**Problem**: When you find the word "Pants" in a line of the entries, please copy the whole line.

**Records drawn from a dataset**:

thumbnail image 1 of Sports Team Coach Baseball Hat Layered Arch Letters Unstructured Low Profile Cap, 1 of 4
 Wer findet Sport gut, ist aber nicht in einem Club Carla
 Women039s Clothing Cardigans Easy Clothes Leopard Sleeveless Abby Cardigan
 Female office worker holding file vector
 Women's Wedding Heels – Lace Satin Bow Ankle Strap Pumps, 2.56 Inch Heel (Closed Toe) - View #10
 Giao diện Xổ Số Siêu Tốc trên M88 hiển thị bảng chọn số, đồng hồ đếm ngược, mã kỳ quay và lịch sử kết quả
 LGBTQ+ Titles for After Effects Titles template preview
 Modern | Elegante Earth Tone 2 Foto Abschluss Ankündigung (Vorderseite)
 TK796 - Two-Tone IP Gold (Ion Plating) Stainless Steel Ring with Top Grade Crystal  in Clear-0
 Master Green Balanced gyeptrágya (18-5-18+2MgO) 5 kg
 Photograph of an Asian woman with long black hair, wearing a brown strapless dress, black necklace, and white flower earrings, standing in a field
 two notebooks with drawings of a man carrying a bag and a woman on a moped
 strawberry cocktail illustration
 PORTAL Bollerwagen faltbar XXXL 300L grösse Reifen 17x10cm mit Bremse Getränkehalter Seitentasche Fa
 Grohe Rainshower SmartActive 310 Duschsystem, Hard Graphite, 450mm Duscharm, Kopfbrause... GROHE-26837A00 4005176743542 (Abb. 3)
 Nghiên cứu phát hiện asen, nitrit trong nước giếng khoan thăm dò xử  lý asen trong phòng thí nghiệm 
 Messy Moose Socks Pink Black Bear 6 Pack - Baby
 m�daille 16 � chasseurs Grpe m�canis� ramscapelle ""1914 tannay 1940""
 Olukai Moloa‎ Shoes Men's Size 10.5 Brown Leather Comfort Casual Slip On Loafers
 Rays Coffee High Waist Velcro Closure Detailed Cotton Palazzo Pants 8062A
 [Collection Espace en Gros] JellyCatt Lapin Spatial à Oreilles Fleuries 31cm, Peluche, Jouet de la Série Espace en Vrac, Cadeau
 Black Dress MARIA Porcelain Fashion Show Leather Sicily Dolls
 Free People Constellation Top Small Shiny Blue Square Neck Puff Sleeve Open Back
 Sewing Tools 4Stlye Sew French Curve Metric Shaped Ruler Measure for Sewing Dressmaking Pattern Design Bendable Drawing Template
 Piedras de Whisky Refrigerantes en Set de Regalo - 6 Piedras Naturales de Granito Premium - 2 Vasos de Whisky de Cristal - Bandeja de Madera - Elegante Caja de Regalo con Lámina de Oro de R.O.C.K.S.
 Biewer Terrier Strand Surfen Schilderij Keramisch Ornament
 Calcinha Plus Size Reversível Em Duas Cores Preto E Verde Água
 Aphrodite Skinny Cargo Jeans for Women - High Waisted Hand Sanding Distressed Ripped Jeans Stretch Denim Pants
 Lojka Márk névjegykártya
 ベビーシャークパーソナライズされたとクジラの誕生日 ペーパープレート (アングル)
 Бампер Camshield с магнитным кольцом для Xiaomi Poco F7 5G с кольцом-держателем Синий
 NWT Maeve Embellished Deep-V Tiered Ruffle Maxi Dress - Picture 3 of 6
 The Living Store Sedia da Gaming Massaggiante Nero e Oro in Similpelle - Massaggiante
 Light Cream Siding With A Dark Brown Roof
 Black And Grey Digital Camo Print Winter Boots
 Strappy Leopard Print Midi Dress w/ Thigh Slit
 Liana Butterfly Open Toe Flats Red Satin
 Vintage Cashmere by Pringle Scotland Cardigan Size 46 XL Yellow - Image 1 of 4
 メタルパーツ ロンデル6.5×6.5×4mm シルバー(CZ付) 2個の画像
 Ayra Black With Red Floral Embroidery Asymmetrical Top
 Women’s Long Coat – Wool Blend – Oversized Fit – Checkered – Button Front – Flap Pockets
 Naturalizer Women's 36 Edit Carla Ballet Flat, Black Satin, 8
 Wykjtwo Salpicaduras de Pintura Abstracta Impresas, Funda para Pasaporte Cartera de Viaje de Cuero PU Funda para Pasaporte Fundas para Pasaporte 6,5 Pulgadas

**Final answer**:
 Rays Coffee High Waist Velcro Closure Detailed Cotton Palazzo Pants 8062A
 Aphrodite Skinny Cargo Jeans for Women - High Waisted Hand Sanding Distressed Ripped Jeans Stretch Denim Pants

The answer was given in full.